"I don't want you seeing my movie!" Texan film director Bob Byington sternly waved a finger at me in the lobby of our hotel in Lisbon, staring down at me through his green glasses. "I am serious. Don't see it! Don't you dare come to the screening! I absolutely don't want you to be there!"
"You say you don't like dogs! My main character is a dog! You will feel nothing for my film!"
"I said I don't like creatures which jump on top of you, salivate, sniff at your pants and paw," I corrected him. "A dog on screen is a different matter."
Besides, the main character in 7 Chinese Brothers (which I did see) is not "Arrow" the dog (played by actor Jason Schwartzman's French bulldog Arrow in a debut performance), but "Larry", a goofy alcoholic loner, played by Jason Schwartzman. Larry spends his days driving about town in an old wreck of a Lincoln Towncar, making wisecracks to strangers, walking despondently with his no-nonsense tough-loving grandmother in her assisted living, sipping tequila secretly from plastic cups, and sharing confidences with the aforementioned dog. When we first meet Larry, he is just getting fired from a job at a Buca di Beppo restaurant, for guzzling alcohol on the sly.
The film is fresh and quirky, with a constant beat of idiosyncratic humorous punchlines, rather like the director himself. Larry steps into an auto-lube shop to apply for a new job as a cleaner and, to impress his winsome would-be boss, crawls awkwardly over the counter, pretending to be "a fat boy getting out of a pool." He drives his beat-up car around the neighborhood: a quick shot to his rear-view mirror reveals it dangling perpendicular. My favorite quip: his grandmother reprimands him sharply: "How would you like it if you were old and everyone is constantly just wanting your money?" Larry's response: "I would like that very much." Why? "It would mean I have money."
The strength of the film lies in its depiction of despondency through this lens of humor, at a fast-paced beat. A plus is its seeming lack of direction, mimicking the protagonist's life. Joining Larry in the story are two kindhearted friends: his new pretty boss at the auto-lube shop, and Norwood, a tall straight-faced orderly with a big afro who stoically seduces women from time to time, pretending to be a doctor. The three-some make an oddball proletariat ensemble. The dog also, I admit, does do a good job in the supporting role. He sleeps.

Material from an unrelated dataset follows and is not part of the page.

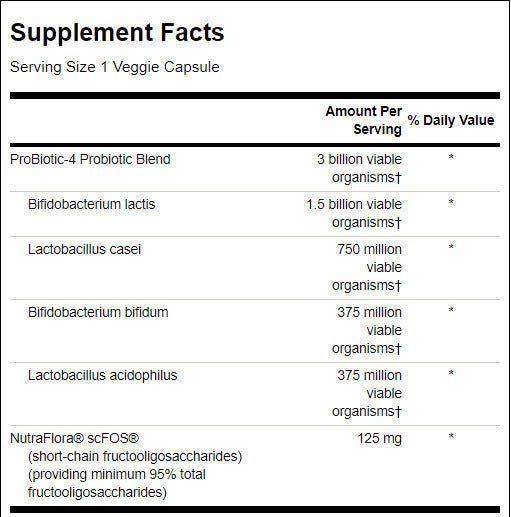 Probiotik 4 | 3 milijarde CFU - 60 kapsul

One laughs out loud. It is easy to see why Antonio Costa, the co-director of the Lisbon Estoril Film Festival, chose this film to screen in Lisbon, after seeing it at the South by Southwest Film Festival in Austin. 7 Chinese Brothers is a sparky piece of Americana, a comedy that seems to come from the heart, about finding everyday life tough. Throughout, the music score is upbeat, with an original score by Chris Baio and several 70s rock tunes, including the title song by REM.
Commenting on his film after the screening, to an enthusiastic full house here in Lisbon, the director noted -- in keeping with his modest bent -- that he "wished the movie moved a little quicker" and hoped the audience had not been bored. And yet perhaps the desultory feel of the story was deliberate, he added. It is the "torpor of Austin" seeping in. As for the movie's cheerful ending -- very sweet and hopeful -- the director stated that this twist was deliberate. The darkness is tempered by light.
Indeed, if one criticism of this light comedy can be made, it is that it remains a light comedy. It neither delves into the reasons that some people drink themselves into a future-less life, nor probes the way they come out of this "torpor" (although solidarity seems to be key). Yet the film is a riveting experience: immediate, honest and entertaining. It feels like a real person talking to you about his troubles, with the distance of empathetic humor.